Invesco PowerShares fait ses premiers pas sur le marché des ETF obligataires en Europe avec le lancement d’un nouveau produit proposé en partenariat avec Citi, rapporte Investment Week. Le fonds PowerShares US High Yield Fallen Angels Ucits ETF réplique le fonds domicilié en Irlande qui suit l’indice américain Citi Time-Weighted US Fallen Angel Bond Select. L’indice tente d’exploiter les anomalies de marchés liées aux obligations dégradées en catégorie spéculative, souvent «survendues» par les investisseurs mais qui rebondissent fréquemment.
De plus en plus de petites et moyennes entreprises à travers l’Europe se tournent vers les sociétés de gestion pour emprunter de l’argent, constate le Financial Times fund management. Ainsi, Muzinich a accordé en juin à Busaba un prêt privé de 16 millions de livres. Mais cette tendance suscite quelques craintes. Ainsi certains se demandent si les sociétés de gestion ont un savoir-faire suffisant pour dénicher les opérations et comprendre les risques attachés aux prêts qu’ils fournissent. Il existe aussi des inquiétudes selon lesquelles les prêts des sociétés de gestion sont une forme de « shadow banking » qui n’est pas suffisamment régulé.

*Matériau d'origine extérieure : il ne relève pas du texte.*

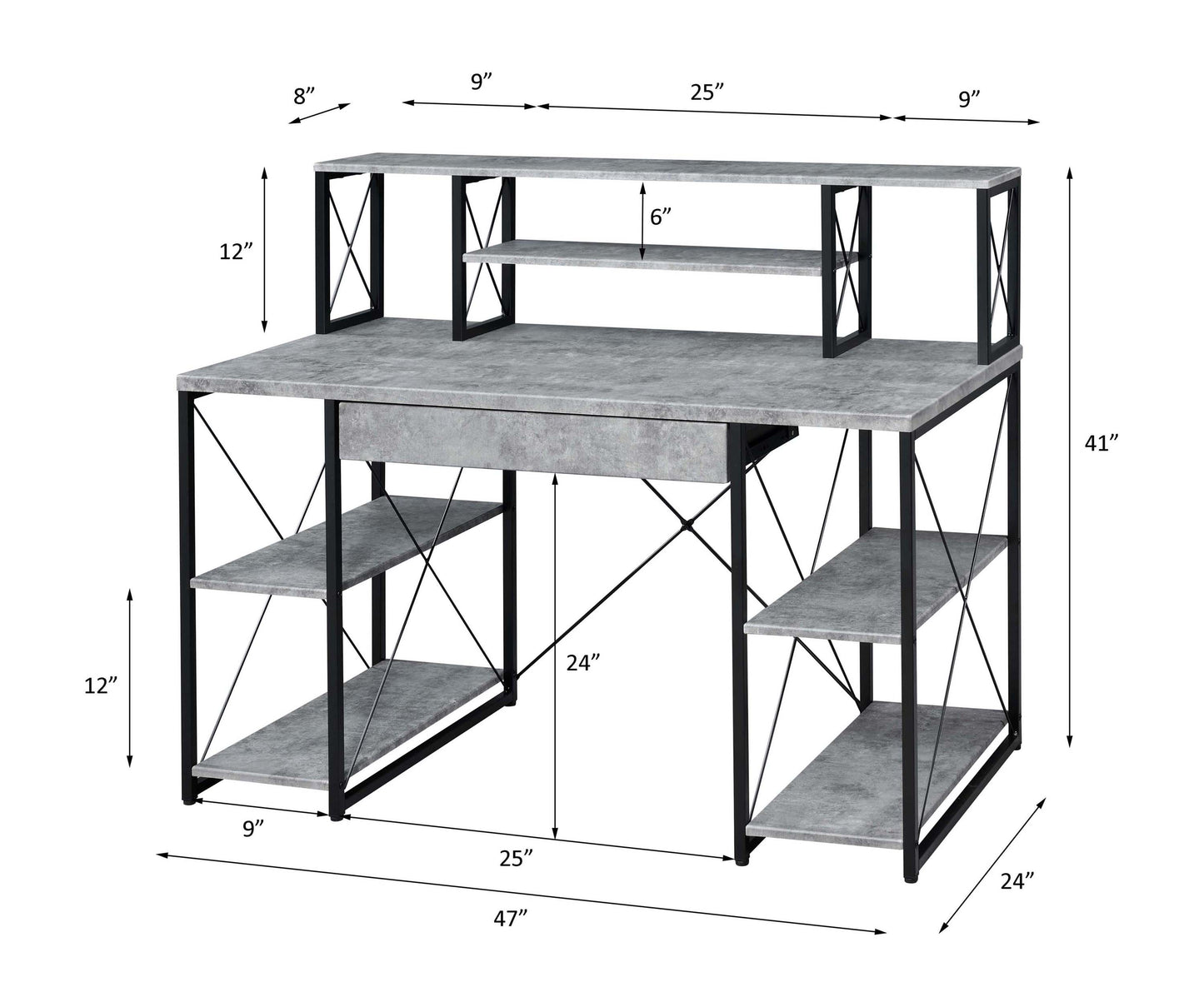 Amiel All Purpose Gray Finish Writing Desk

Neil Woodford est actuellement en discussion avec le gouvernement pour investir dans un fonds dédié aux start-up spécialisées dans les nouvelles technologies, rapporte le quotidien The Times. Le gouvernement discute également avec d’autres investisseurs institutionnels pour lancer une structure d’investissement de 250 millions de livres. Le projet de fonds, envisagé avant le Brexit, devrait être lancé avant la fin de l’année. Neil Woodford devrait investir à partir de ses portefeuilles existants.